### Data Collection of various useful parameters of more than 200 cities across the world

First, I have extracted a list of more than 200 cities having parameters like Quality of Life Index, Purchasing Power Index, Safety Index, Health Care Index, Cost of Living Index, Property Price to Income Ratio, Trafic Commute Time Index, Pollution Index & Climate Index through web scraping from the url - "https://www.numbeo.com/quality-of-life/rankings_current.jsp".

In [None]:
import requests
from bs4 import BeautifulSoup
import csv

# Send a GET request to the URL
url = "https://www.numbeo.com/quality-of-life/rankings_current.jsp"
response = requests.get(url)

# Parse the HTML content
soup = BeautifulSoup(response.content, "html.parser")

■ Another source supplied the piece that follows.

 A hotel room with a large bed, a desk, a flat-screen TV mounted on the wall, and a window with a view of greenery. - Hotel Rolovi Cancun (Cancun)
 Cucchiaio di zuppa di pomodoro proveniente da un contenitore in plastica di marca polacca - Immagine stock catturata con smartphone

# Find the table containing the data
table = soup.find("table", id="t2")

# Initialize an empty list to store the data
data = []

# Iterate through each row in the table body
for row in table.find("tbody").find_all("tr"):
    # Initialize an empty dictionary to store the row data
    row_data = {}
    
    # Extract data from each column in the row
    columns = row.find_all("td")
    row_data["City"] = columns[1].text.strip()
    row_data["Quality of Life Index"] = columns[2].text.strip()
    row_data["Purchasing Power Index"] = columns[3].text.strip()
    row_data["Safety Index"] = columns[4].text.strip()
    row_data["Health Care Index"] = columns[5].text.strip()
    row_data["Cost of Living Index"] = columns[6].text.strip()
    row_data["Property Price to Income Ratio"] = columns[7].text.strip()
    row_data["Traffic Commute Time Index"] = columns[8].text.strip()
    row_data["Pollution Index"] = columns[9].text.strip()
    row_data["Climate Index"] = columns[10].text.strip()
    
    # Append the row data to the list
    data.append(row_data)

# Define the CSV file name
csv_file = "quality_of_life_indices.csv"

# Write the scraped data to the CSV file
with open(csv_file, mode='w', newline='', encoding='utf-8') as file:
    fieldnames = ["City", "Quality of Life Index", "Purchasing Power Index", "Safety Index",
                  "Health Care Index", "Cost of Living Index", "Property Price to Income Ratio",
                  "Traffic Commute Time Index", "Pollution Index", "Climate Index"]
    writer = csv.DictWriter(file, fieldnames=fieldnames)
    
    # Write the header
    writer.writeheader()
    
    # Write the data
    writer.writerows(data)

print(f"Data has been written to {csv_file}")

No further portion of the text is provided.